:: WHAT TO DO ::
An exact copy of every entry below is required, and no picture may appear in it.

Web page caption snippets
◇ ◇ ◇ ◇ ◇

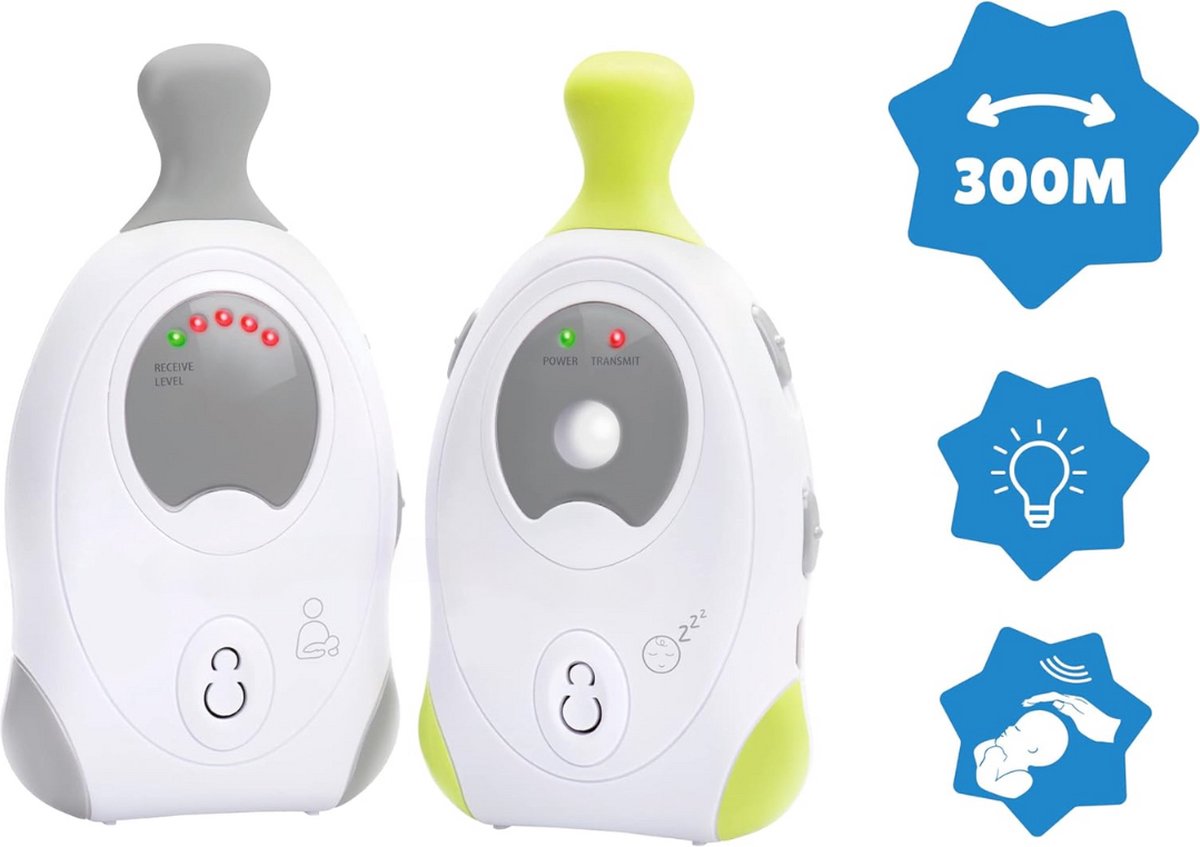 Equivera Premium Babyfoon met Camera Indoor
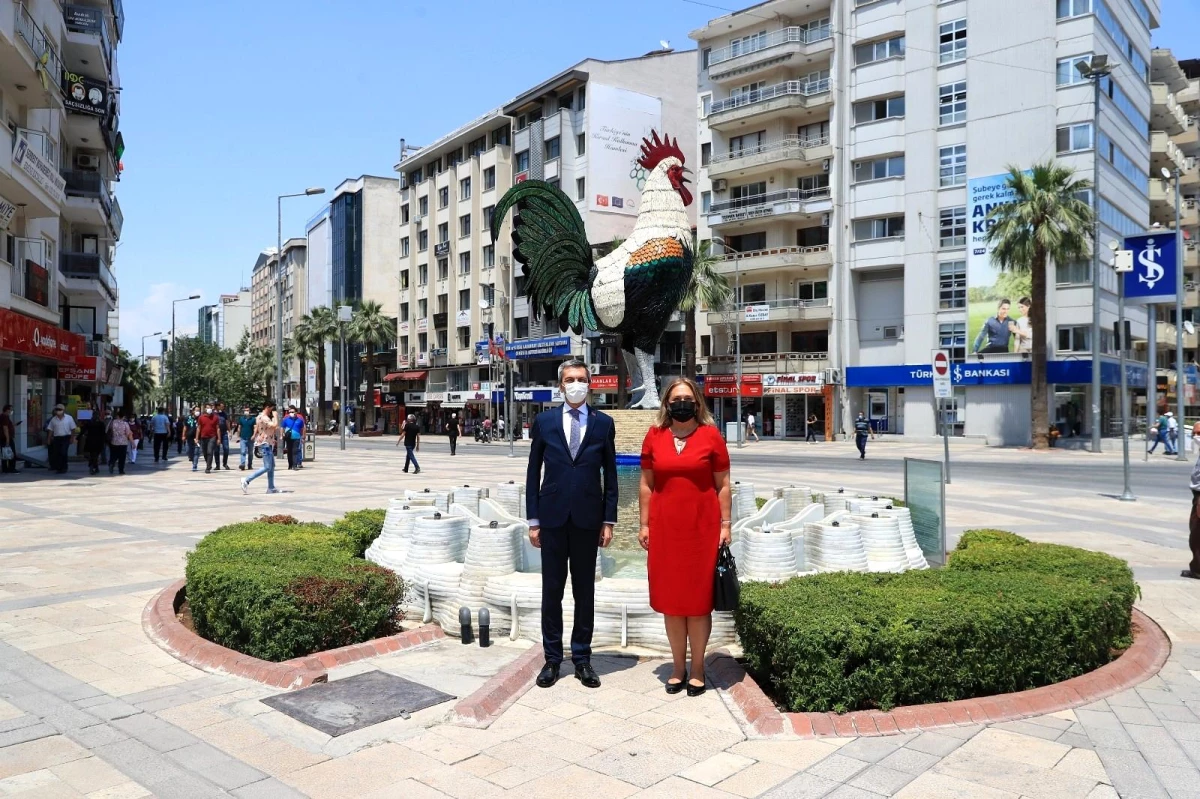 Kosova Başkonsolosu Novoberdaliu\'dan Denizli Büyükşehire ziyaret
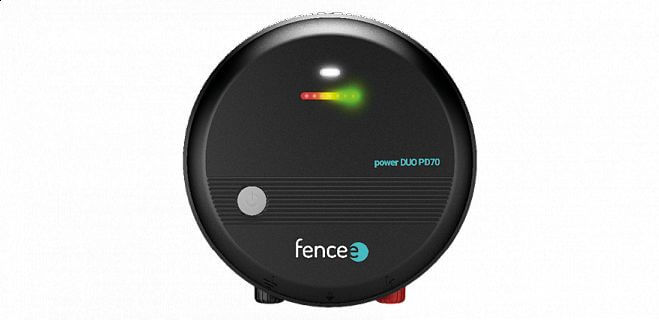 Functions and characteristics of fencee power DUO PD energizers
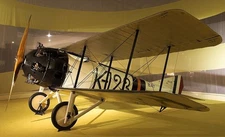 BAT FK23 FK-23 Bantam Fighter Desktop Wood Airplane New Model Large Scale 1/18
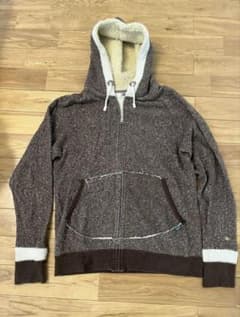 go hemp ボア　パーカー　フード　ゴーヘンプのサムネイル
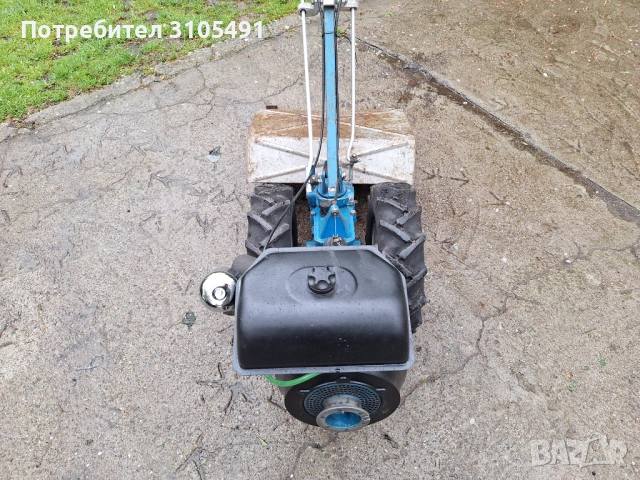 Мотоблок BCS acme 10к.с. 4 скорости с фреза, снимка 2 - Градинска техника - 54370653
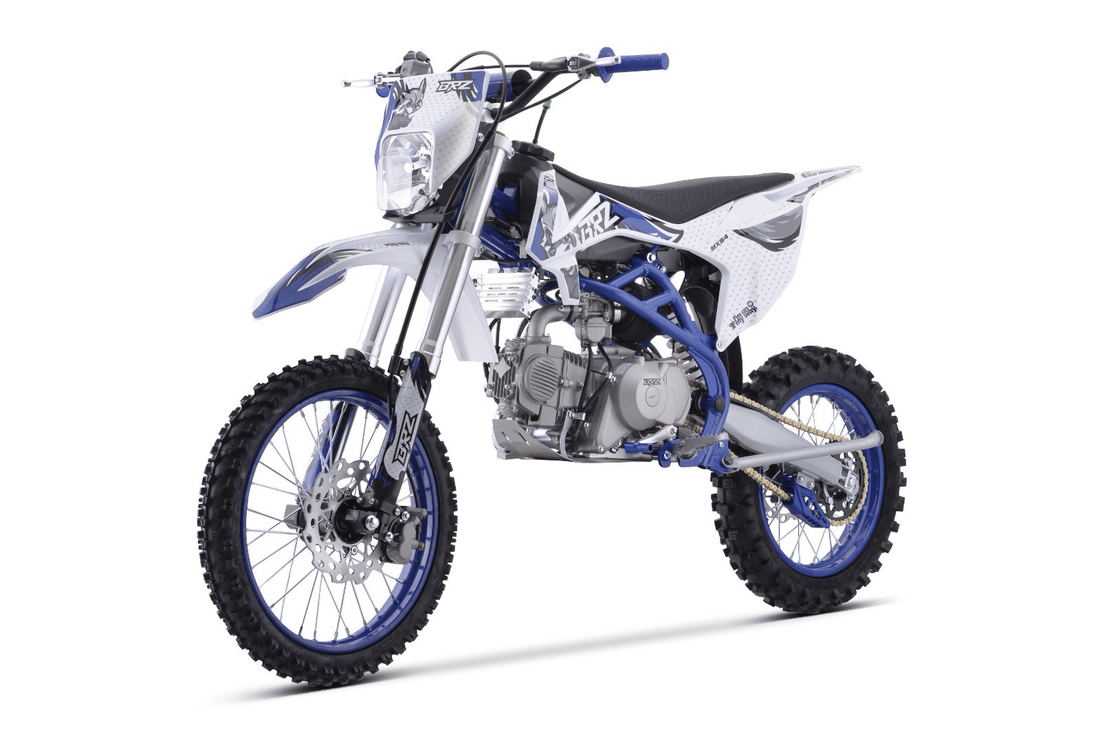 Junior/Adult BRZ Racing Pro 140cc Manual Dirt Bike 17/14" Big Wheel - Quad Warehouse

◇ ◇ ◇ ◇ ◇

:: OUTPUT OF THE EXERCISE ::
 Equivera Premium Babyfoon met Camera Indoor
 Kosova Başkonsolosu Novoberdaliu\'dan Denizli Büyükşehire ziyaret
 Functions and characteristics of fencee power DUO PD energizers
 BAT FK23 FK-23 Bantam Fighter Desktop Wood Airplane New Model Large Scale 1/18
 go hemp ボア　パーカー　フード　ゴーヘンプのサムネイル
 Мотоблок BCS acme 10к.с. 4 скорости с фреза, снимка 2 - Градинска техника - 54370653
 Junior/Adult BRZ Racing Pro 140cc Manual Dirt Bike 17/14" Big Wheel - Quad Warehouse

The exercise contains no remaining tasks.